DIRECTIONS FOR THIS TASK
Please reproduce the lines from the one containing "3rd image of 22665 Cloverlawn St" through the end of the data below exactly as they stand, and omit all pictures.

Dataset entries

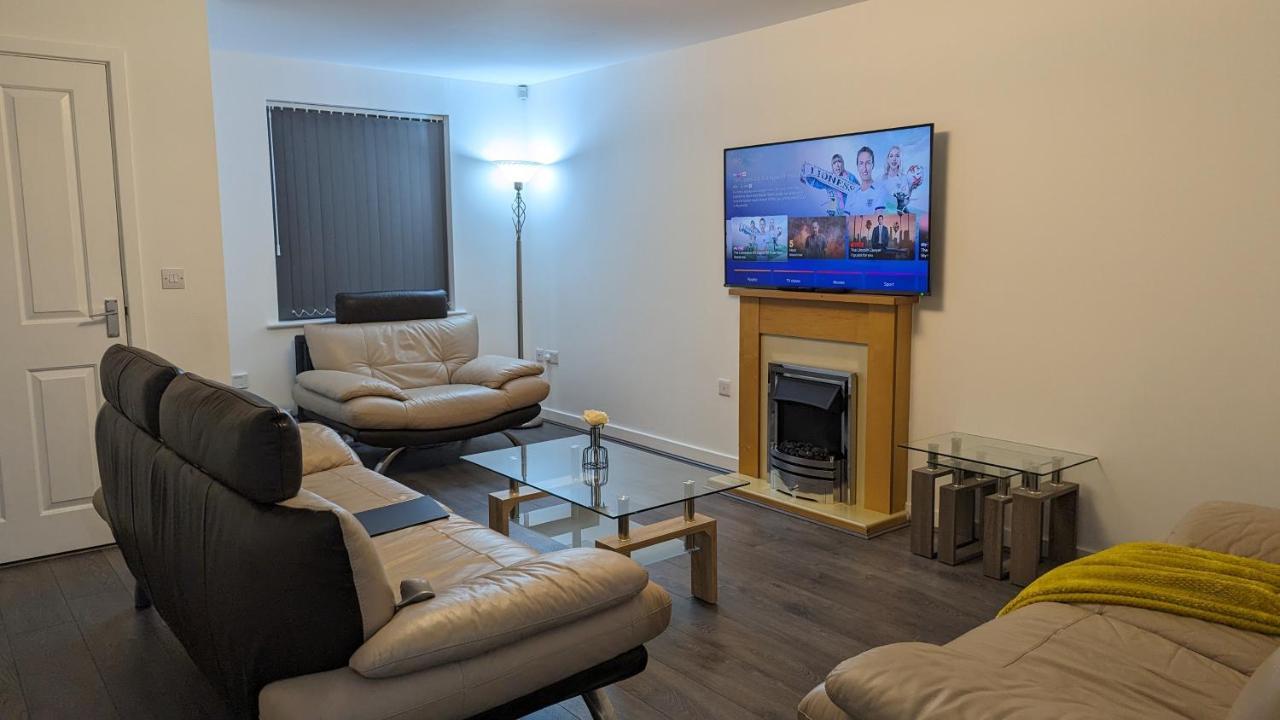 Clariturf - 4 Bedroom Semi - Private Parking Near Turf Moor, Town Centre, Transport And Motorway Links Next To Canal, 3 Parks And Lake - Sky And Netflix Burnley Buitenkant foto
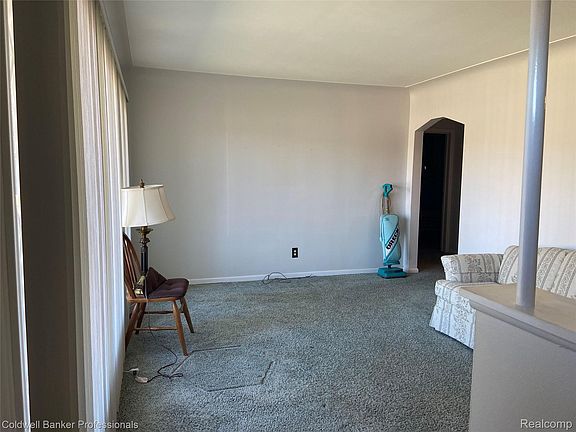 3rd image of 22665 Cloverlawn St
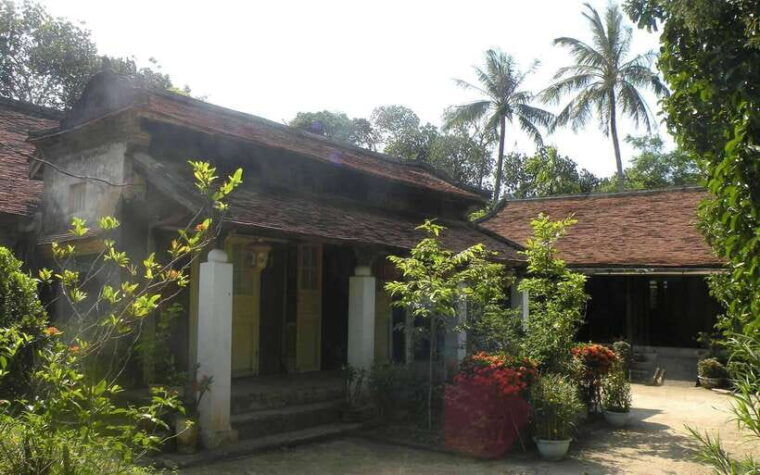 from-hue-explore-thuy-bieu-village-cycle-cook-relax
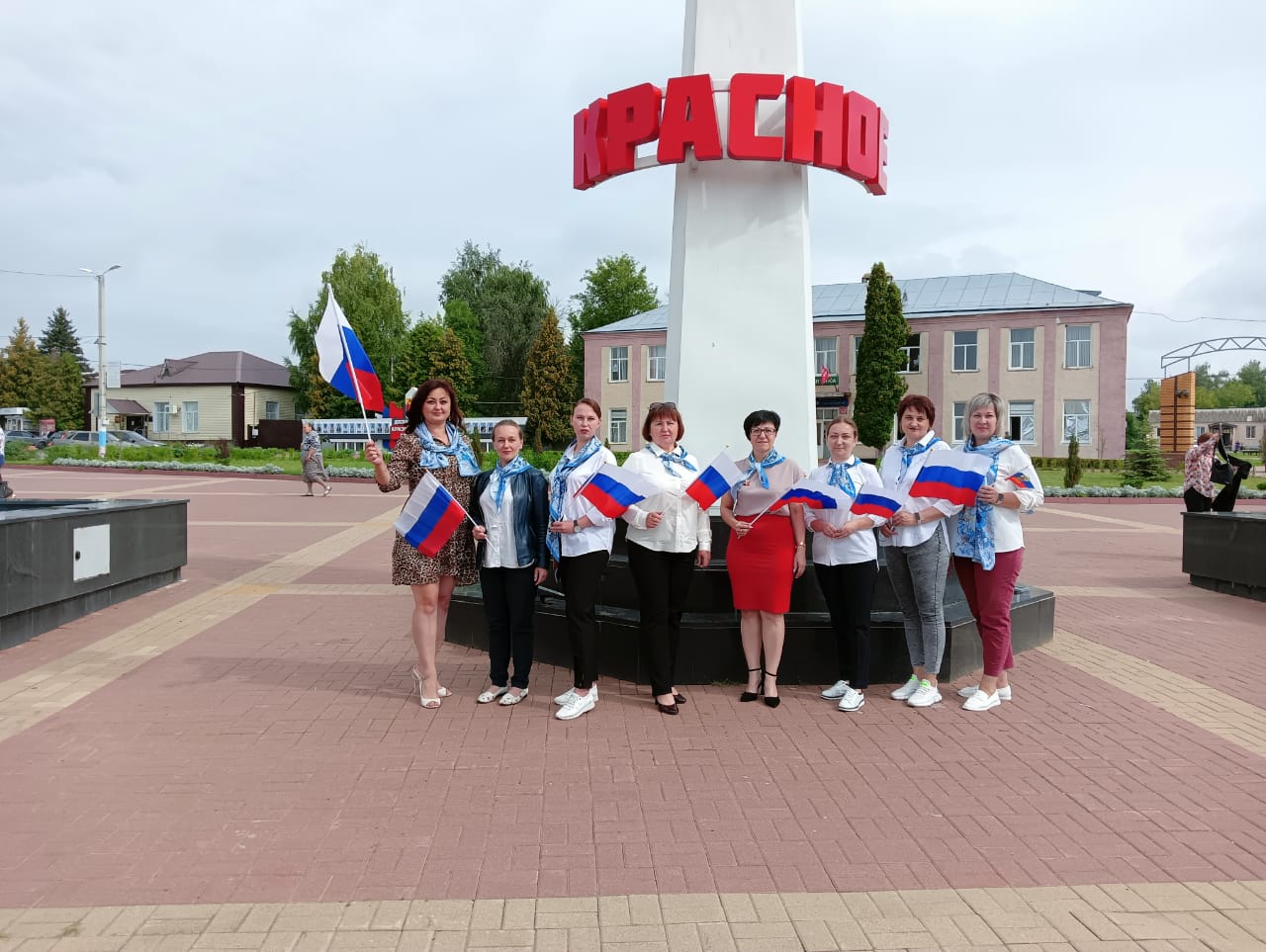 В Краснинском районе прошла акция "Живём под российским флагом"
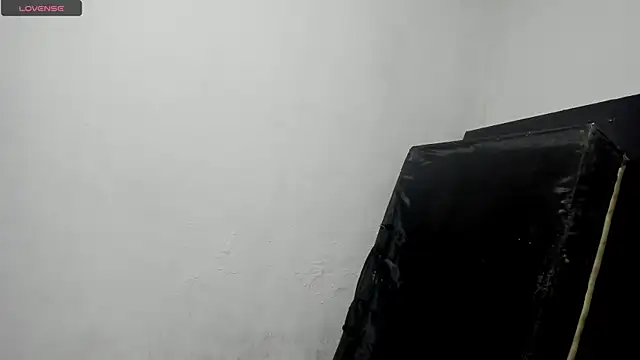 aliciaa2002 online show from July 7, 11:51 pm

RESPONSE FOR THIS EXERCISE
 3rd image of 22665 Cloverlawn St
 from-hue-explore-thuy-bieu-village-cycle-cook-relax
 В Краснинском районе прошла акция "Живём под российским флагом"
 aliciaa2002 online show from July 7, 11:51 pm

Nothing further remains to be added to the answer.